May 31, 2018 / 10:42 PM / in 3 months

LIVESTOCK-Profit-taking, trade war fears upend CME hog futures

    CHICAGO, May 31 (Reuters) - Chicago Mercantile Exchange hog
futures        closed lower on Thursday, rocked by profit-taking
amid worries that pork could suffer from retaliatory tariffs
against the United States,  traders said.
     June         hogs closed 0.700 cents per pound lower at
76.625 cents.
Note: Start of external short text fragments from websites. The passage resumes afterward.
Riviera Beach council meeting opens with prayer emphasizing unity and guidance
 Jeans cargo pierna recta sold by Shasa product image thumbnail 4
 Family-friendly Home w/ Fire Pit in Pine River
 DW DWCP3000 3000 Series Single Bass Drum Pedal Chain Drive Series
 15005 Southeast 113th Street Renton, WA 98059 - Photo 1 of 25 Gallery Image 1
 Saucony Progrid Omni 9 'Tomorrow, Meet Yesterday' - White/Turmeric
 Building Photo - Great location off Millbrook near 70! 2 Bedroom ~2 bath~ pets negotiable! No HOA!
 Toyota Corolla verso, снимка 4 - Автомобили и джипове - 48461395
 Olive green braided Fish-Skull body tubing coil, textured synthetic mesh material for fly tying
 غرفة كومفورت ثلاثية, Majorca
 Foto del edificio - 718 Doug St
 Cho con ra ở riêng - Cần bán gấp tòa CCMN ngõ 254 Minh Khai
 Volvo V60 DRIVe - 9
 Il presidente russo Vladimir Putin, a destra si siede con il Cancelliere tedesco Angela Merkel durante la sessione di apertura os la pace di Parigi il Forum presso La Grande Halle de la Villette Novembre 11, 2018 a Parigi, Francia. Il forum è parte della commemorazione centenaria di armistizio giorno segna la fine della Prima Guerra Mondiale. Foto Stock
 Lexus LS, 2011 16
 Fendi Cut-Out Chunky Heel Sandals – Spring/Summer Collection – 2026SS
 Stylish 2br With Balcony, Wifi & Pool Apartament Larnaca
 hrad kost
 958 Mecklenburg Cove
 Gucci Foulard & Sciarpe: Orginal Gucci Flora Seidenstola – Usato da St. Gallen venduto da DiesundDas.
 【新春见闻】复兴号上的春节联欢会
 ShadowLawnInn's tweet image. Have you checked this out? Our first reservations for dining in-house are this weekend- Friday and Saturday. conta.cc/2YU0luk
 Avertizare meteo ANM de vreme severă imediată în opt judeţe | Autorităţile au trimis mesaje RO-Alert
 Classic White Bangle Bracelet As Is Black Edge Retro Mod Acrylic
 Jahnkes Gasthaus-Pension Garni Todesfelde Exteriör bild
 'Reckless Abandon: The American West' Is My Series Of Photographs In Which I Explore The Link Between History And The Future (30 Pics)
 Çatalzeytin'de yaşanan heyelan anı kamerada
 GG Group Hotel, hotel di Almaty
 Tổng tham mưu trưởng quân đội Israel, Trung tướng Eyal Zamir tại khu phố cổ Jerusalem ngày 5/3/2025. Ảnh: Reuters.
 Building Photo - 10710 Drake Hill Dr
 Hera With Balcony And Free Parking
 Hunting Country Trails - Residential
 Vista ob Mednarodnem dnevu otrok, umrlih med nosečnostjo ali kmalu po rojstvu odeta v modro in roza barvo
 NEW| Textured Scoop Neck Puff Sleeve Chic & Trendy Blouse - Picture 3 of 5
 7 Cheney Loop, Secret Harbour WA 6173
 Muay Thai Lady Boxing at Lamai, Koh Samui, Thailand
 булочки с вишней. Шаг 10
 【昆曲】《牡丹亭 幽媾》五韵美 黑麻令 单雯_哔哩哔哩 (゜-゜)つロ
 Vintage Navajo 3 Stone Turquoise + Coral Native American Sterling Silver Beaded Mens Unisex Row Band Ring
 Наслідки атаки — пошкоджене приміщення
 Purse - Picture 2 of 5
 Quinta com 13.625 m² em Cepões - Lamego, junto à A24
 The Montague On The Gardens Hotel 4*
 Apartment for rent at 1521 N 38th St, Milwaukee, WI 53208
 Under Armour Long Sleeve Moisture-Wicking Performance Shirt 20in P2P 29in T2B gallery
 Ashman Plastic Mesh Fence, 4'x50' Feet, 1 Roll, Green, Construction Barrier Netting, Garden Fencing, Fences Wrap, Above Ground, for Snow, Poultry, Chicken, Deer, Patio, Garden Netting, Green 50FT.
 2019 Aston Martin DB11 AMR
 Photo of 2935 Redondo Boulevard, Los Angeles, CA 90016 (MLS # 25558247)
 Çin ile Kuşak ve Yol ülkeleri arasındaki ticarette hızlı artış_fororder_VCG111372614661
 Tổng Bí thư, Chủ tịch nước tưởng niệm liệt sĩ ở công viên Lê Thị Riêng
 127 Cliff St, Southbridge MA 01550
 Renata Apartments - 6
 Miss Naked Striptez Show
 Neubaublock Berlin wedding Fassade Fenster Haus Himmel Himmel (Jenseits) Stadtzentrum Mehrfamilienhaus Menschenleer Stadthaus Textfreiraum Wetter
July         ended 2.075 cents lower at 78.050
cents.
     Mexico threatened to reciprocate with immediate duties on
various U.S. goods, including some pork products, with
Washington set to slap import tariffs on Mexican steel and
aluminum by Friday.             
     "This is a trade and Mexico retaliation problem," Allendale
Inc chief strategist Rich Nelson said regarding CME hog's
retreat. 
     By volume, Mexico is the leading importer of U.S. pork,
according to industry analysts. 
     CME hog contracts were further pressured by their price
premiums compared to costs for market-ready, or cash, hogs.
     However, upward-trending cash prices and higher costs for
pork at wholesale on Thursday limited June hog contract losses,
said analysts and traders.                   
    
     CATTLE FUTURES TURN LOWER  
     Live cattle contracts at the CME settled lower on technical
selling and profit-taking following the market's 3.000-cent
limit-up spike on Wednesday that expanded Thursday's limit to
4.500 cents, said traders.
     Futures were undervalued relative to cash cattle prices,
which lifted contracts from session lows, they said.
     June         live cattle closed 1.075 cents per pound lower
at 105.050 cents. August         ended down 0.500 cent at
103.950 cents. Futures will return to their normal 3.000-cent
limit on Friday.
     Packers on Thursday paid mostly $110 per cwt for
slaughter-ready, or cash, cattle in the U.S. Plains. That was
nearly par with last week's sales in Kansas and Nebraska, said
feedlot sources.
     Feedyards resisted taking less money for cattle given
record-high packer profits and supermarkets buying beef for June
17 Father's Day demand, said traders and analysts.
                      
     Meanwhile, potential U.S. tariffs on Canadian metal
prompted that country to list duties on goods from the United
States, that could include some prepared beef items, after a
15-day public comment period.             
     "Just the talk about beef and trade wars made the market go
a little crazy today," a trader said, referring to some of
Thursday's CME live cattle bearishness.
     Analsyts cited Canada among the top five destinations for
U.S. beef.
     CME live cattle futures losses and steady-to-lower cash
feeder cattle prices pulled down the exchange's feeder cattle
market.
    August         closed 1.150 cents per pound lower at 147.400
cents.

 (Reporting by Theopolis Waters; Editing by Cynthia Osterman)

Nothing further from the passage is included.